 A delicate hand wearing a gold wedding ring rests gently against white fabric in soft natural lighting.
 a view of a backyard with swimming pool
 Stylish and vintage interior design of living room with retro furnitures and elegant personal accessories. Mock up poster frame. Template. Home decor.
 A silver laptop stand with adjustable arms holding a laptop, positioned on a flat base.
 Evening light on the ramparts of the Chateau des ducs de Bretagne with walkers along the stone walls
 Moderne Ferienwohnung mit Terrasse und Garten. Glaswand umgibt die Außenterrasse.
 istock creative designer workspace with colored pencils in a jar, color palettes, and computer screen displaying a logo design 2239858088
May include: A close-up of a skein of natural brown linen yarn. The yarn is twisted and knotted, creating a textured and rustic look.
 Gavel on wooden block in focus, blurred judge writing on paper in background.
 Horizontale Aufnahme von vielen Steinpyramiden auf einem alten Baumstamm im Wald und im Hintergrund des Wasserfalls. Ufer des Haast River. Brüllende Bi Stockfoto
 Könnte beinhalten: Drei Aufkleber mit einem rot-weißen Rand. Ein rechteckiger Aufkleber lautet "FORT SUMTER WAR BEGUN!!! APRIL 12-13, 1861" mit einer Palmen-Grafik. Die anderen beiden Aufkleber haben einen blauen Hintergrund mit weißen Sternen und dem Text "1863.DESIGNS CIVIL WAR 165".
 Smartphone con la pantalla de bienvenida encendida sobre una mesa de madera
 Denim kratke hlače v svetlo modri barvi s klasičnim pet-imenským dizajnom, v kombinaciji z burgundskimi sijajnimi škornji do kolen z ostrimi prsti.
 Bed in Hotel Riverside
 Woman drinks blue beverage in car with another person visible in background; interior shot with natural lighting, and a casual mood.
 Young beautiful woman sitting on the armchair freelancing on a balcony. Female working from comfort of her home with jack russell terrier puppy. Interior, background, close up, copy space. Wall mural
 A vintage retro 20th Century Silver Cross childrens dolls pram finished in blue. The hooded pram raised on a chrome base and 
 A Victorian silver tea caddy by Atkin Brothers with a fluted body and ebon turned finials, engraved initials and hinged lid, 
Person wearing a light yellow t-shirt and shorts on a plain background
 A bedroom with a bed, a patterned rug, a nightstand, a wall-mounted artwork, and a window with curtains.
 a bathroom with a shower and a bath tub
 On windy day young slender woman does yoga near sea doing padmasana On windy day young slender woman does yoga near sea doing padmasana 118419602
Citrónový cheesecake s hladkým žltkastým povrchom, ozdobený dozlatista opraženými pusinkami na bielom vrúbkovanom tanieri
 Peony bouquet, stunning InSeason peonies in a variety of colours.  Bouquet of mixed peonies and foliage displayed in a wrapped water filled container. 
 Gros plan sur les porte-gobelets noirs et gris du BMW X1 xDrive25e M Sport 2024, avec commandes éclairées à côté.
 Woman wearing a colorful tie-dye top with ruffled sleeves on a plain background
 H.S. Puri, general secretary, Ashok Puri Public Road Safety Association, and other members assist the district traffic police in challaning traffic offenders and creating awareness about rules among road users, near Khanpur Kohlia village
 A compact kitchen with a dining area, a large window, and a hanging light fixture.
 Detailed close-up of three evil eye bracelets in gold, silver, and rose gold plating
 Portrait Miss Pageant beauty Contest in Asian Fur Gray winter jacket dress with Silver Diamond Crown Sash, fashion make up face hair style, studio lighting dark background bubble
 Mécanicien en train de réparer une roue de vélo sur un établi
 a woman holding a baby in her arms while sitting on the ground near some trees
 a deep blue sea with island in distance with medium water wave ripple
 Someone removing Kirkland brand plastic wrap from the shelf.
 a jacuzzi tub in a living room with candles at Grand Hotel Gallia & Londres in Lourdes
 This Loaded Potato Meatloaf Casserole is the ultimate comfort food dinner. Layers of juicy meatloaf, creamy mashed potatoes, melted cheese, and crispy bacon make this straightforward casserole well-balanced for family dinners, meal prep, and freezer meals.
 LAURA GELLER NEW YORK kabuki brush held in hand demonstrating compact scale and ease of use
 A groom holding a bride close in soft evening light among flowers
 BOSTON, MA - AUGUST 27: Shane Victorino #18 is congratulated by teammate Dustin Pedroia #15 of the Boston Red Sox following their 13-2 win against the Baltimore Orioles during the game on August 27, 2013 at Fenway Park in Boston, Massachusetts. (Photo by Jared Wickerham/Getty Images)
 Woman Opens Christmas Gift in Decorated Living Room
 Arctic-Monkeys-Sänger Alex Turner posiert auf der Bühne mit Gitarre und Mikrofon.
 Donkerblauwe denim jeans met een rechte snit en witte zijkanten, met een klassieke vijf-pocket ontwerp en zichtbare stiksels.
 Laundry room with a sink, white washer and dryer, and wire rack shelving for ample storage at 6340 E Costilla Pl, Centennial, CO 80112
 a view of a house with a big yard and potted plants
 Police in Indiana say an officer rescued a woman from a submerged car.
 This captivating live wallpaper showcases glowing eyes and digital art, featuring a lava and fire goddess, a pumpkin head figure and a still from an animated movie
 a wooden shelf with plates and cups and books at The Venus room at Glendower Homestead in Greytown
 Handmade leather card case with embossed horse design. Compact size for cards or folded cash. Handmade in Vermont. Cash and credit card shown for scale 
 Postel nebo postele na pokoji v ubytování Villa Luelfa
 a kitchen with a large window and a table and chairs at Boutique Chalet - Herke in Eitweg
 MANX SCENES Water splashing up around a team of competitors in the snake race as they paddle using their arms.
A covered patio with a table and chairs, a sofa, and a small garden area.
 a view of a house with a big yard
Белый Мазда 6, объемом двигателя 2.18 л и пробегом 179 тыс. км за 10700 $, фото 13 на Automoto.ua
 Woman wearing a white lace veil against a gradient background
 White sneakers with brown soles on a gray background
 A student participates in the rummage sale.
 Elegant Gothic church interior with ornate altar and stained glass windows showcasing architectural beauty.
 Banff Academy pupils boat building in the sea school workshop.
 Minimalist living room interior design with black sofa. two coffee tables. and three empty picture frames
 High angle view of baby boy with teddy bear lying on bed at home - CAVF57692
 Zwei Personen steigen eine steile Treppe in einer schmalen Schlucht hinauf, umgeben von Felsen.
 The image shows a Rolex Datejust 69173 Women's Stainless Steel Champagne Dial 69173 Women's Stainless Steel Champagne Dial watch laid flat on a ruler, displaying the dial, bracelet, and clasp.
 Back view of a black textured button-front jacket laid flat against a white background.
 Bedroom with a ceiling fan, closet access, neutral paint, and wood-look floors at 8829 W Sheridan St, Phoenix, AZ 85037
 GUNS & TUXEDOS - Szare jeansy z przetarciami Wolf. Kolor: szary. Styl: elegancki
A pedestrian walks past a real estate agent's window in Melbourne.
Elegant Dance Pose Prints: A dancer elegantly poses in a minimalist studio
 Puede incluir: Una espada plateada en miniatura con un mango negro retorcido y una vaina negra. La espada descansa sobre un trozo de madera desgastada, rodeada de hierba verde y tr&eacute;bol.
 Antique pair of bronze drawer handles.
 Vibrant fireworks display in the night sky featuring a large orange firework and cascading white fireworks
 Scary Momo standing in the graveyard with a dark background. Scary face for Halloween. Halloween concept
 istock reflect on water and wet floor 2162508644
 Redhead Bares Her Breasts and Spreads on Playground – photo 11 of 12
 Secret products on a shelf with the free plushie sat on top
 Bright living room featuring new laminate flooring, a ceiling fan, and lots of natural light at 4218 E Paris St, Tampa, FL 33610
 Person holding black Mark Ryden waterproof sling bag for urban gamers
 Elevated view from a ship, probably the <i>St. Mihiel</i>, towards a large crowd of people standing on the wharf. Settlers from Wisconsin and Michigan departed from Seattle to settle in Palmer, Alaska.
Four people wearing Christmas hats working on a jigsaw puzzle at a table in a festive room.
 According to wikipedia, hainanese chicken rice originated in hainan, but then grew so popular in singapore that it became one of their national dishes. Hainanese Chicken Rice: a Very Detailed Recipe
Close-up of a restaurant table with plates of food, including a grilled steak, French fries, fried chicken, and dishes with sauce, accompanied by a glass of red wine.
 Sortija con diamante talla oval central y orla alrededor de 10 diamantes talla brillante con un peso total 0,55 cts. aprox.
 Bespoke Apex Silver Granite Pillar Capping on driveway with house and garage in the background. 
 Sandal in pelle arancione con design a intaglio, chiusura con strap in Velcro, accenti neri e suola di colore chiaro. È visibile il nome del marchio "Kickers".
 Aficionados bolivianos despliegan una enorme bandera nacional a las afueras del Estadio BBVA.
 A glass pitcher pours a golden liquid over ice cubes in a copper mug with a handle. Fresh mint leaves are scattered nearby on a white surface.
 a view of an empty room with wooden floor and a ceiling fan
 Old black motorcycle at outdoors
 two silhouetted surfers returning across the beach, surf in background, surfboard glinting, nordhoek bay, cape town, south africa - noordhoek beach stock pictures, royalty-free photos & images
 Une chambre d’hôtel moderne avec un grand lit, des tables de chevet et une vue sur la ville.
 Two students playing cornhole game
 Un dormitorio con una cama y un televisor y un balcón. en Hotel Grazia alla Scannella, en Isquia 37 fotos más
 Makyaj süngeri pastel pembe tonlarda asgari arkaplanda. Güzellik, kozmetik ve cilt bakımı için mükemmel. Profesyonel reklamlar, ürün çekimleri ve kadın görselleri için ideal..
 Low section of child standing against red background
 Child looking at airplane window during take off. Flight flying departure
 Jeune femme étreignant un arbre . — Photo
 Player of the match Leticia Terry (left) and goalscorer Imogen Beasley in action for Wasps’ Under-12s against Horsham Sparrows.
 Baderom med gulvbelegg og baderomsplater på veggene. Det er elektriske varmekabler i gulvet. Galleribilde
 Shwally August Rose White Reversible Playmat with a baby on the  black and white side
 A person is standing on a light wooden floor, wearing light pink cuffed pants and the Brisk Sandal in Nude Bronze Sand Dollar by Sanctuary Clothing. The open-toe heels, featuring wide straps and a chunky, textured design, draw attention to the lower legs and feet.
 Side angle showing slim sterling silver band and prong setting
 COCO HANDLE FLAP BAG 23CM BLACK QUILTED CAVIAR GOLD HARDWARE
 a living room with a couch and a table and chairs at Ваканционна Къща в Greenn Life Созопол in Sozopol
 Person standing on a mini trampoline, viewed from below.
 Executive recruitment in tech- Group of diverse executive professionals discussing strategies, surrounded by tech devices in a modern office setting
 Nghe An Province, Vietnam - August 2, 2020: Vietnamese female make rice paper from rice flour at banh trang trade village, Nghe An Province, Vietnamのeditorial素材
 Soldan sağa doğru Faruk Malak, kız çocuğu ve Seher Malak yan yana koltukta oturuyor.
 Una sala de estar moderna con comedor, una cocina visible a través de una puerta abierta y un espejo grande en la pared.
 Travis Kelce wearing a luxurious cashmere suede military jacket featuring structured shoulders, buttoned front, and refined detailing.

▸ What is expected:
Would you please transcribe the lines above exactly, starting with the first line of the material and ending with the line that has "istock creative designer"?

▸ Response to this task:
 A delicate hand wearing a gold wedding ring rests gently against white fabric in soft natural lighting.
 a view of a backyard with swimming pool
 Stylish and vintage interior design of living room with retro furnitures and elegant personal accessories. Mock up poster frame. Template. Home decor.
 A silver laptop stand with adjustable arms holding a laptop, positioned on a flat base.
 Evening light on the ramparts of the Chateau des ducs de Bretagne with walkers along the stone walls
 Moderne Ferienwohnung mit Terrasse und Garten. Glaswand umgibt die Außenterrasse.
 istock creative designer workspace with colored pencils in a jar, color palettes, and computer screen displaying a logo design 2239858088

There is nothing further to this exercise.